[RFC] GPU reset notification interface

idr at freedesktop.org (Ian Romanick) · Thu, 19 Jul 2012 08:58:42 -0700

On 07/18/2012 09:55 AM, Daniel Vetter wrote:
> On Wed, Jul 18, 2012 at 09:23:46AM -0700, Ian Romanick wrote:
>> On 07/18/2012 02:20 AM, Daniel Vetter wrote:
>>> - The "all contexts in a share group need to receive a reset notification"
>>>    wording is irking me a bit because we currently only track all the
>>>    actively used things. So if another context in that share group isn't
>>>    affected (i.e. doesn't even use any of the potentially corrupted bos),
>>>    is the idea that the kernel grows the required tracking, or should
>>>    userspace always ask the reset state for all contexts and do the math
>>>    itself?
>>
>> There are a couple reasons that all contexts in a share group need
>> to get the reset notification.  Consider an application with two
>> contexts, A and B.  Context A is a worker context that does a bunch
>> of render-to-texture operations, and context B will eventually
>> consume those textures.  If context A receives a reset, context B,
>> even if it hasn't done any rendering in five minutes, has lost data.
>>
>> The kernel should never have any knowledge about GL share groups.
>> This is where my simplifying assumption (that all contexts in a
>> share group share an address space and an fd) comes in handy.  If
>> context A queries the reset status from the kernel first, it can
>> reach over and poke the reset status of context B (in the gl_context
>> structure).  Likewise, if context B queries the kernel first, it can
>> see that another kernel context in its GL context share group got
>> reset.
>>
>>> - The above essentially links in with how we blame the guilt and figure
>>>    out who's affected.

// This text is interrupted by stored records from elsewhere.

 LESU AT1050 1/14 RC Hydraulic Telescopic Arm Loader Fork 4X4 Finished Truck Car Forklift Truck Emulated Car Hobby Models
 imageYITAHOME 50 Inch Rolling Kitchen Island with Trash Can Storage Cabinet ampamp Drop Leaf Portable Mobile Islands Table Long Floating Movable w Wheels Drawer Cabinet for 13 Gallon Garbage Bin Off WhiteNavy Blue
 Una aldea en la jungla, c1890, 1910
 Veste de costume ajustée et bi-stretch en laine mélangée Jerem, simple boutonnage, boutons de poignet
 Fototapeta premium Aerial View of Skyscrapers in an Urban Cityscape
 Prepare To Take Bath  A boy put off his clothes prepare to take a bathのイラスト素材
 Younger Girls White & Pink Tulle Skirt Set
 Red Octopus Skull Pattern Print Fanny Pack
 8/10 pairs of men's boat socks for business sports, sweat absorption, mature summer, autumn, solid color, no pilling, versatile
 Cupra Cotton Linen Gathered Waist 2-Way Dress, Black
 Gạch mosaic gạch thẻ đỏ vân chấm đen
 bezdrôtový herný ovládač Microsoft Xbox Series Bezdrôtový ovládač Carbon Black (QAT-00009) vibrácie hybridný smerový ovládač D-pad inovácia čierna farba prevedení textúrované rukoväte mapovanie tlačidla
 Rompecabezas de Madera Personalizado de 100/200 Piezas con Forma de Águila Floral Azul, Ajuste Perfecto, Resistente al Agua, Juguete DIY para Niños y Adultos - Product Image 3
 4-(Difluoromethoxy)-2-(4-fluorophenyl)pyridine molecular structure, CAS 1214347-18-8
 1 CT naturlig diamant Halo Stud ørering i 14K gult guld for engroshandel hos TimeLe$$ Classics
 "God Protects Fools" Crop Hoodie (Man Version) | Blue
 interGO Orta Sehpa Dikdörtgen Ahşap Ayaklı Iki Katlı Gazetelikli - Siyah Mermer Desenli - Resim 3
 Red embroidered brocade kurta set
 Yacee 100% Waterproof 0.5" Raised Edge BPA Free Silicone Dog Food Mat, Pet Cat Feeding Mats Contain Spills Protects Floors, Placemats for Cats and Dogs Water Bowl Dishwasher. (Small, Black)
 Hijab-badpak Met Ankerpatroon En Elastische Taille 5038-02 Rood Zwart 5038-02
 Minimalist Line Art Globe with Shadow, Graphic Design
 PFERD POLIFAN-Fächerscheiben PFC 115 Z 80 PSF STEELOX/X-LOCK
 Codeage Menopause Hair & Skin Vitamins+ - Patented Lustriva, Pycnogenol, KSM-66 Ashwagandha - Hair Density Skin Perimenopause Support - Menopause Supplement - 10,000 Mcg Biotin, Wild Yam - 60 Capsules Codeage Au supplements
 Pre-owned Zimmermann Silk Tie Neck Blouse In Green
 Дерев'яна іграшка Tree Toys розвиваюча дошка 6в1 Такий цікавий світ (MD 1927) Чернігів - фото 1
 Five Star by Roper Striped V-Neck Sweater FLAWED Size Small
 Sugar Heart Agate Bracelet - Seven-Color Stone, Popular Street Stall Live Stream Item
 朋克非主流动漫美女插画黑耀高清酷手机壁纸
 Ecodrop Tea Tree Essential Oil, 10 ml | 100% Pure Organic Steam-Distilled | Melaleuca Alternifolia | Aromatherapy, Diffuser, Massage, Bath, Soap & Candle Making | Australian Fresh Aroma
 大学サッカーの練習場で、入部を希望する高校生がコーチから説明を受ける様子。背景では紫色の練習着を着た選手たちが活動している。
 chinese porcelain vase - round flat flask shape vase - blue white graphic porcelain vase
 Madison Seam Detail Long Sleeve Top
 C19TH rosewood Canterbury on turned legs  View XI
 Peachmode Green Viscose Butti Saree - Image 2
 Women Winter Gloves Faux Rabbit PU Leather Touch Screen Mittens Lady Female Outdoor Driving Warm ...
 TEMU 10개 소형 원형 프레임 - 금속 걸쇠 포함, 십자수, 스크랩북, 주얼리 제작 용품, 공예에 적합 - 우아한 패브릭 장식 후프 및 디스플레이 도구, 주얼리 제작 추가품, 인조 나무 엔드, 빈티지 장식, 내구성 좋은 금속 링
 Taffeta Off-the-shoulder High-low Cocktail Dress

Especially when there's no hw context around, e.g.
>>>    on the blitter or bsd rings, or when an object is used by another
>>>    process and gets corrupted there. Does the spec make any guarantees for
>>>    such a case? Or should we just blame an unknown_reset for all the
>>>    contexts that belong to the fd that submitted the bad batch.
>>
>> That sounds right.  If we can't assess innocence or guilt, we should
>> say guilt is unknown.  There are some GL commands that get generate
>> blits, but I don't think there's anything that can get commands on
>> the BSD ring.  That's just for media, right?
>>
>>> As an idea for the above two issues, what about the kernel also keeps a
>>> per-fd reset statistics, which will also be returned with this ioctl?
>>> We'd then restrict the meaning of the ctx fields to only mean "and the
>>> context was actually active". Userspace could then wrap all the per-fd
>>> hang reports into reset_unknown for arb_robustness, but I think this would
>>> be a bit more flexible for other userspace.
>>
>> Ah, right.  So the DDX or libva could detect resets that affect
>> them. That's reasonable.
>>
>>> struct drm_context_reset_counts {
>>> 	__u32 ctx_id;
>>>
>>> 	/**
>>>           * Index of the most recent reset where this context was
>>> 	 * guilty.  Zero if none.
>>>           */
>>> 	__u32 ctx_guilty;
>>>
>>> 	/**
>>>           * Index of the most recent reset where this context was active,
>>> 	 * not guilty.  Zero if none.
>>>           */
>>> 	__u32 ctx_not_guilty;
>>>
>>> 	/**
>>>           * Index of the most recent reset where this context was active,
>>> 	 * but guilt was unknown. Zero if none.
>>>           */
>>> 	__u32 ctx_unknown_guilt;
>>>
>>> 	/**
>>>           * Index of the most recent reset where any batchbuffer submitted
>>> 	 * through this fd was guilty.  Zero if none.
>>>           */
>>> 	__u32 fd_guilty;
>>>
>>> 	/**
>>>           * Index of the most recent reset where any batchbuffer submitted
>>> 	 * through this fd was not guilty, but affected.  Zero if none.
>>>           */
>>> 	__u32 fd_not_guilty;
>>>
>>> 	/**
>>>           * Index of the most recent reset where any batchbuffer submitted
>>> 	 * through this fd was affected, but no guilt for the hang could
>>> 	 * be assigned.  Zero if none.
>>>           */
>>> 	__u32 fd_unknown_guilt;
>>
>> Since these three fields are per-fd, shouldn't they go in the
>> proposed drm_reset_counts structure instead?  If we do that, it
>> might be better to split into two queries.  One for the per-fd
>> information, and one for the detailed per-context information.  If
>> we expect the common case to be no-reset, user space could
>
> Oh, I've missed a bit that your ioctl would read out the state for all
> contexts on a given fd. My idea was that this is all the data that the
> ioctl retuns (and it would only fill out the ctx fields if you spec a
> nonzero context). Userspace would then only need to check whether the
> context has a new reset number somewhere (= context suffered from a gpu
> reset while it was actively used) and then also check whether the fd
> suffered from a reset (= something in that gl share group is potentially
> corrupted), mapping it to either victim_reset or unknown_reset (depending
> upon what exactly the spec wants).

Consider the case where a process has four contexts, A, B, X, and Y.  A 
and B are in a share group, and X and Y are in a share group not with A 
and B.  B sees a reset.  When the application queries the reset status 
on X or Y, it should not see a reset.  Knowing that there was a reset 
for some other context on the same fd isn't enough information.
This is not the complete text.